Muddy Waters – They Call Me Muddy Waters (1971)
1967年のMuddy Watersは、『Super Blues』シリーズの一連のセッションや、Luther "Snake Boy" Johnsonを中心にしたアルバム『Mud In Your Ear』にサイドマンとして参加するなど、今までではちょっと考えられなかった活動にも手を出すようになっていた。だが、そんな時期でもシカゴでのレコーディングはしっかりと行なっていた。
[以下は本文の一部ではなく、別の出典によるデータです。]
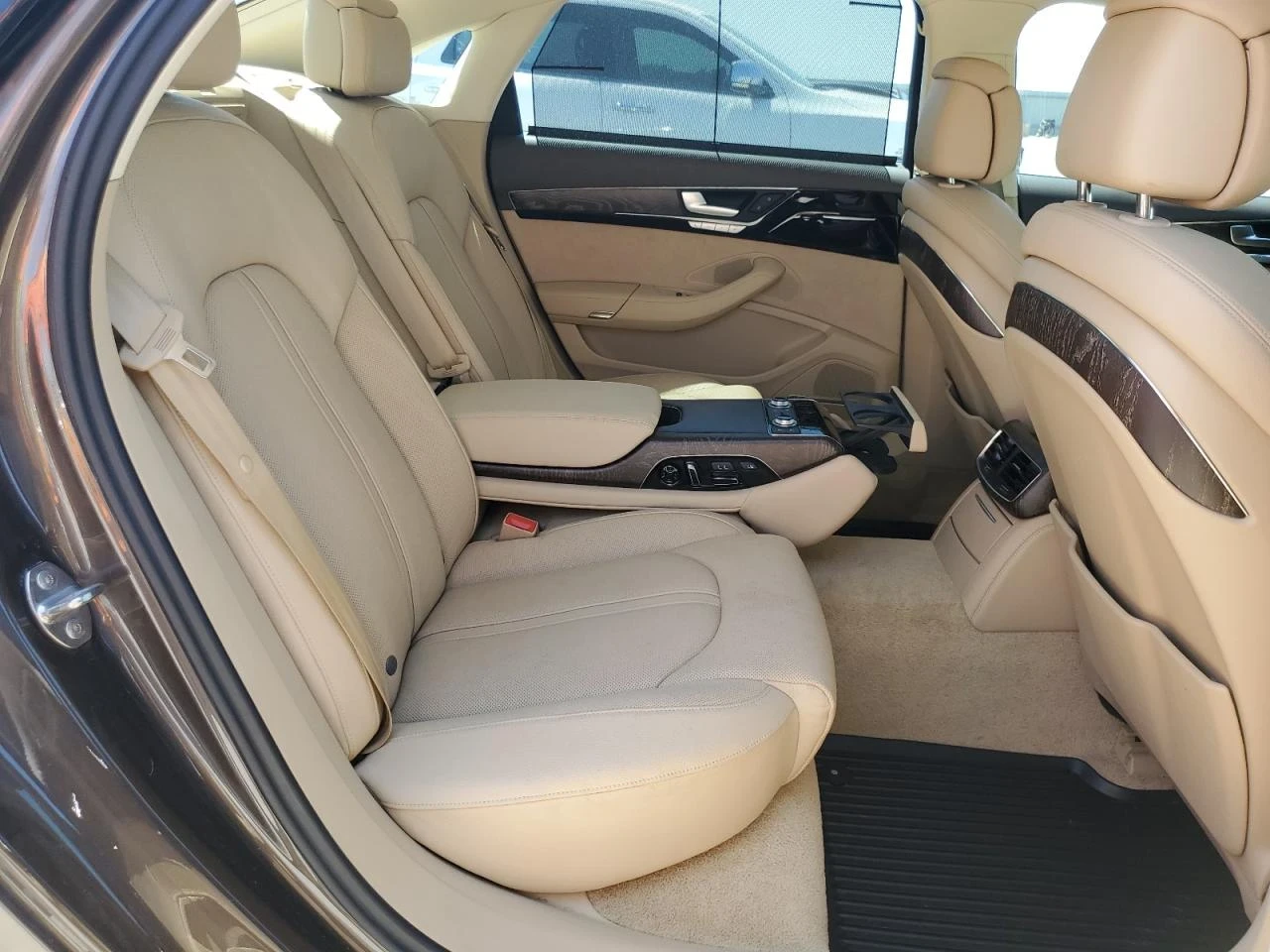 Audi A8  - изображение 10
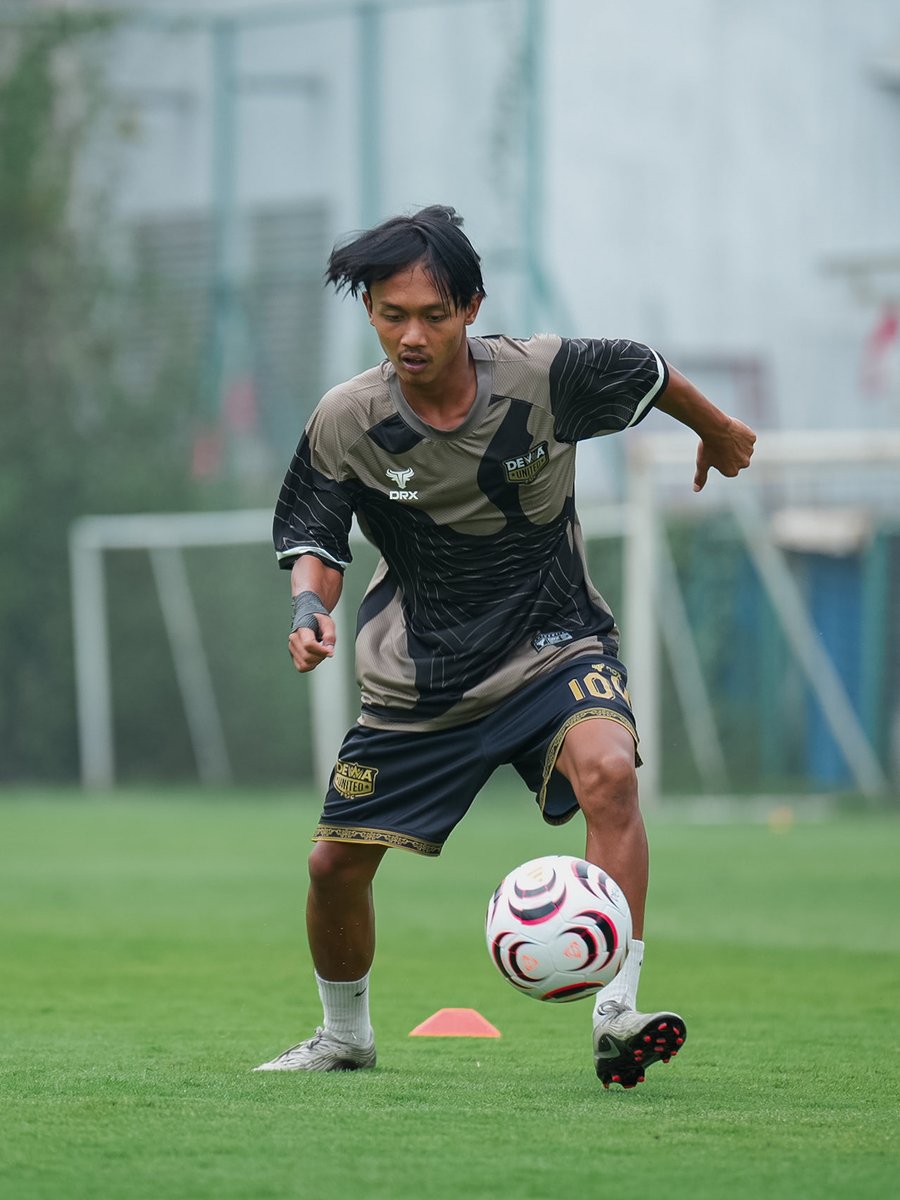 dufcdevelopment's tweet photo. Warming up. https://t.co/6pLs2T2Hn8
セッションは一言でいって絶好調だ。後にWatersの右腕として活躍するPinetop Perkinsが参加し、非常にファンキーで充実した録音が8曲生まれている。しかし、これではLPとしてまとめるには少なかったのだろう。結局これらは50年代のレアな音源と合わせてコンパイルされ、編集盤『They Call Me Muddy Waters』として71年に発表されることになった。
「When The Eagle Flies」の歌詞の中でドル札を鷲に例えるのは、ブルースマンにはおなじみのレトリックだといえる。ブルース・ロック時代のJohn Lee Hookerを思わせるブギのリズムが印象的だが、続く「Crawlin' Kingsnake」は時代が飛んで59年の録音だ。これもHookerが有名にしたブルースの名曲で、Little Walterの思い切りのよいハープのブロウを聴くと、不思議と懐かしい思いがこみ上げてくるようだ。「Blind Man」で繰り広げられるPerkinsのオルガンとOtis Spannのピアノの競演は軽快そのもので、いつまでも聴いていたい気分にさせる。
タイトル・トラックの「They Call Me Muddy Waters」はその名の通りWatersが高らかに名乗りをあげるナンバーで、WalterのハープとJimmy Rogersを擁したツイン・ギターとが最高の瞬間を生みだしている。この見事な黄金時代のアンサンブルは、名実ともに偉大なブルースマンのテーマ・ソングになった。1983年5月に行われたWatersの葬儀の際、シカゴにあるメトロポリタン葬儀場の礼拝堂ではまさにこの曲がかかっていたのだ。